Disclosure of the [four categories of requested information] would essentially put the [Fund] out of business. In the private equity marketplace, companies seeking private equity investors share confidential business plans and financial information with the [Fund and the Permanent School Fund]. The companies trust that the [Fund] will keep this information from other potential competitors. If the [Fund] were to allow this confidential information to become public, the competitive position of the companies providing the information would be harmed in the private equity marketplace. These companies would then no longer provide desired information to the [Fund] on potential investments, thus harming the [Fund's and the agency's] competitive position in the marketplace.

The Fund argues that release of the requested four categories of information would eliminate its competitive position. The Fund contends that

[t]he whole point of investing in the private equity marketplace is to capitalize on the individual knowledge each investor has as to the financial strength and possible future activities of certain private companies. If this knowledge were provided to the entire marketplace, the private investment vehicles would lose their 'private' nature and all the information that was so diligently and carefully assimilated would be available to any other investor, thus destroying any competitive advantage. The compelled release of such confidential information by the [Permanent School Fund] would seriously harm the ability of the [Fund] to compete for high quality private investments.

Based upon our review of the submitted information and arguments, we conclude that you have demonstrated actual or potential harm to the agency's interests in a particular competitive situation. You have shown that releasing the documents will bring about a specific harm.
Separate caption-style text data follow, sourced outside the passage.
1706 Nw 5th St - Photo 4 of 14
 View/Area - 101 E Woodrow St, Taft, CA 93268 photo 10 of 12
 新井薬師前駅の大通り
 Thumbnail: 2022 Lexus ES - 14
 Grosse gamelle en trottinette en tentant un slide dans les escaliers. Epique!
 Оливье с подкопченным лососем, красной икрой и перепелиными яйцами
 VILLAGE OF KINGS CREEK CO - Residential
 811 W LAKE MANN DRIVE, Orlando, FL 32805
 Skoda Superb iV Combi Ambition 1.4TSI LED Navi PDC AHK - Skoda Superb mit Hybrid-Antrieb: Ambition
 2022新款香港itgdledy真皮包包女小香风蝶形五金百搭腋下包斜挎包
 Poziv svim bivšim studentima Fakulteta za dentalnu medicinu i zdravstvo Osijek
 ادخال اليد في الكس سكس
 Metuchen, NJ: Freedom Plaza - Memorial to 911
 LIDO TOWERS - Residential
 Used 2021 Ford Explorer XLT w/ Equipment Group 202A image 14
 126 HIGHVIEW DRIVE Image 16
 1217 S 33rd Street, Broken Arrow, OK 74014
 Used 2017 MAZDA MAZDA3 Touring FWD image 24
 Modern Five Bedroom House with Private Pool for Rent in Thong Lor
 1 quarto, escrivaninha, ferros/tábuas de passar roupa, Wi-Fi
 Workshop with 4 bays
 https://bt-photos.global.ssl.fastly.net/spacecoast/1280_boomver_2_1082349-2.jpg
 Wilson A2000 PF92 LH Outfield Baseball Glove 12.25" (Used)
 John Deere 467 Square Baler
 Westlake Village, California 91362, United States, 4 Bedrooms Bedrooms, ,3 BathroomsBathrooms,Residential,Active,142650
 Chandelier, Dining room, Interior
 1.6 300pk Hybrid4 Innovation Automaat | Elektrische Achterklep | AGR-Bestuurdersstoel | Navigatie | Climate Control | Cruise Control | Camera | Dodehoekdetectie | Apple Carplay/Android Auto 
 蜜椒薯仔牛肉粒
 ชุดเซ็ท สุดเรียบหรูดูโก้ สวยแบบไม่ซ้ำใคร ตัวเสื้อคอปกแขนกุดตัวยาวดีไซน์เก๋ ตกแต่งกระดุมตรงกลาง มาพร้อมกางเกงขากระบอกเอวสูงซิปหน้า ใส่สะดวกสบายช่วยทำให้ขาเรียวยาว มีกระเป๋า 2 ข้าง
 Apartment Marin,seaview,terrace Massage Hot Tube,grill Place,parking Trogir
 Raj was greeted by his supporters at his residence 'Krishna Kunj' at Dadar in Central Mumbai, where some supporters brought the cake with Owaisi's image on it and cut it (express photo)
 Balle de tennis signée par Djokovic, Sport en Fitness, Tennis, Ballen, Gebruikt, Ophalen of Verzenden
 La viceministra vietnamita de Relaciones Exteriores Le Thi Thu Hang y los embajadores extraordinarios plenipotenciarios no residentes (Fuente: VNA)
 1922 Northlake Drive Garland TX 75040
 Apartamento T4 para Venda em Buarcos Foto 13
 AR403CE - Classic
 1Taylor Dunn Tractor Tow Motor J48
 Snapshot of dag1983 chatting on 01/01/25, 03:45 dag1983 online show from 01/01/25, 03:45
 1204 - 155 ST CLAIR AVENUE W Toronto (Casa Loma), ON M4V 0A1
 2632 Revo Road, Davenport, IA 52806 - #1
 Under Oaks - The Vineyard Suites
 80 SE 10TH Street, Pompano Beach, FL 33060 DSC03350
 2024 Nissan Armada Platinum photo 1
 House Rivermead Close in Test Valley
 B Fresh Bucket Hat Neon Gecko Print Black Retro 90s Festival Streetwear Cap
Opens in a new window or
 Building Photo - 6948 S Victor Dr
You may withhold the submitted information under section 552.104.(2)

We are resolving this matter with an informal letter ruling rather than with a published open records decision. This ruling is limited to the particular records at issue under the facts presented to us in this request and should not be relied upon as a previous determination regarding any other records. If you have questions about this ruling, please contact our office.

Yours very truly,

Don Ballard
Assistant Attorney General
Open Records Division

JDB\nc

Ref: ID# 121032

Enclosures: Submitted documents

cc: Mr. Stephen Lisson
Initiate Magazine
P.O. Box 2013
Austin, Texas 78768-2013
(w/o enclosures)


 

Footnotes

1. In reaching our conclusion here, we assume that the "representative sample" of records submitted to this office is truly representative of the requested records as a whole. See Open Records Decision Nos. 499 (1988); 497 (1988). This open records letter does not reach, and therefore does not authorize the withholding of, any other requested records to the extent that those records contain substantially different types of information than that submitted to this office.

2. Because we are able to make a determination under section 552.104, we do not address the additional argument against disclosure.